Faide tra correnti rivali e ramadan nelle piazze: le varie comunità musulmane presenti nel nostro Paese scatenano cedimenti pericolosi
di Massimo Sanvito mercoledì 26 marzo 2025

3' di lettura

Se le premesse sono queste, c’è poco da stare tranquilli. Anzi: c’è proprio da aver paura. Dove la paura non è un sentimento figurato ma reale. Realissimo. Quando l’islam avanza, calpestando identità e tradizioni altrui, la legalità retrocede. E così la gazzarra, l’ennesima, andata in scena a Mestre domenica sera è la rappresentazione plastica dei rischi che si corrono a lasciar aprioristicamente campo alle varie comunità musulmane presenti nel nostro Paese. Due fazioni rivali di bengalesi, una quarantina di persone in tutto, hanno deciso di risolvere alcune divergenze a calci e pugni, in mezzo alla strada, tra i palazzi di un quartiere (tra via Gozzi e via Aleardi) a cui di italiano è rimasto ben poco.
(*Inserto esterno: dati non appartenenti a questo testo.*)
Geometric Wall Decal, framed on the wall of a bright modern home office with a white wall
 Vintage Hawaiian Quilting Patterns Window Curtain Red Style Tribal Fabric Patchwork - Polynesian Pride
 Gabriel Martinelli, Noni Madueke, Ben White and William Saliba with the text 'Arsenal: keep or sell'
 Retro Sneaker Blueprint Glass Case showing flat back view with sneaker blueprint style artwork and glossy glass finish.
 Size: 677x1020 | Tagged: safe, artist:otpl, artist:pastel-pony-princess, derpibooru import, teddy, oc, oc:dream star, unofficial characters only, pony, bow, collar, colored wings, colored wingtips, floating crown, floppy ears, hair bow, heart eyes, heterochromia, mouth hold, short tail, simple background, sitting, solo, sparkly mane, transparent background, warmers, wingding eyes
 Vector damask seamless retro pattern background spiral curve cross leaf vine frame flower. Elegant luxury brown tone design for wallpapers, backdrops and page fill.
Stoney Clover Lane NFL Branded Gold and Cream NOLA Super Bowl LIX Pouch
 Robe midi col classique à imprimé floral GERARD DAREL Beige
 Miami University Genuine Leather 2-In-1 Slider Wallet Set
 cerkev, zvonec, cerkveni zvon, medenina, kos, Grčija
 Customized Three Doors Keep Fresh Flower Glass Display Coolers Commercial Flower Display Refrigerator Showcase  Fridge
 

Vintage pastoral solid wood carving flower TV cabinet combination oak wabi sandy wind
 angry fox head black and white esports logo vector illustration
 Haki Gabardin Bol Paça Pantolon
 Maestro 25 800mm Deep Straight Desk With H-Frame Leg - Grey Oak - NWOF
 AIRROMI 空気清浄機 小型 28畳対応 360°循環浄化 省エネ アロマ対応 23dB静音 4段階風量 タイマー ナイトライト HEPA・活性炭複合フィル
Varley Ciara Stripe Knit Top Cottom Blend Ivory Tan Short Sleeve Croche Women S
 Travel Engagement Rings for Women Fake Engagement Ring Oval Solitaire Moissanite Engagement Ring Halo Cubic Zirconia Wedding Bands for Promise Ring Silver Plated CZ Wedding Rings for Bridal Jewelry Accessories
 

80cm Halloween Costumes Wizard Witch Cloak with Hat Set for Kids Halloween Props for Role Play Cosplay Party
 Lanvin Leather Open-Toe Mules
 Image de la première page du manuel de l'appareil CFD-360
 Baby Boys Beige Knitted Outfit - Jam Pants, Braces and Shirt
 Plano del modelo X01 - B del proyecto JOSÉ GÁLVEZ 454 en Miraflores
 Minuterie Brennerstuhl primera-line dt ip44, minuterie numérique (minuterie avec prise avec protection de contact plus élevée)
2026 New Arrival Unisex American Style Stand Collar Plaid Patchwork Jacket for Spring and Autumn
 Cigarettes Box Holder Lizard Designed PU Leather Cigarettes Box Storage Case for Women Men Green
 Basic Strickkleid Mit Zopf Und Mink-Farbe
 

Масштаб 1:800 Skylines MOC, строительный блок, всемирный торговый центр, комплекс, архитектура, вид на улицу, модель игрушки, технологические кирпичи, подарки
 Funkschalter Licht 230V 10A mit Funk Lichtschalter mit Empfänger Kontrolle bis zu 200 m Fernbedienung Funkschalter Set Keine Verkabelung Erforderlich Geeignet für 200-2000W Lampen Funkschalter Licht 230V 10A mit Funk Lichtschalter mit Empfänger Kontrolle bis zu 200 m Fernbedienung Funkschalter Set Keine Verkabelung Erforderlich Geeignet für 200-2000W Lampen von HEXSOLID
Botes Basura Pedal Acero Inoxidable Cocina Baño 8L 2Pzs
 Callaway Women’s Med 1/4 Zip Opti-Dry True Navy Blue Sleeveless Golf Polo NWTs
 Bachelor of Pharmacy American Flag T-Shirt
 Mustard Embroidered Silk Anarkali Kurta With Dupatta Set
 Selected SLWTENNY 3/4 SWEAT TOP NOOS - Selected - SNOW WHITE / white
«Qui comandano asiatici e africani: forse ci conviene ad andare a vivere da un’altra parte», raccontano non a caso i residenti al Gazzettino. Un anno fa la faida durò una settimana intera e tenne in scacco Mestre: risse, agguati, coltellate. Regolamenti di conti sull’asse Veneto-Bangladesh (il piccolo villaggio di Abdullahpur, per l’esattezza). Una sfilza di bengalesi feriti finì ospedale: uno di loro si ritrovò con un polmone perforato da una lama. A capo delle violenze, dopo aver scalzato gli anziani, ci sono i più giovani della comunità- tra i 20 i 25 anni -che in totale vanta 14mila persone (cittadini stranieri, con cittadinanza italiana e pure irregolari) nell’area. Una città nella città, con le sue regole i suoi codici. Diametralmente opposti a quelli autoctoni.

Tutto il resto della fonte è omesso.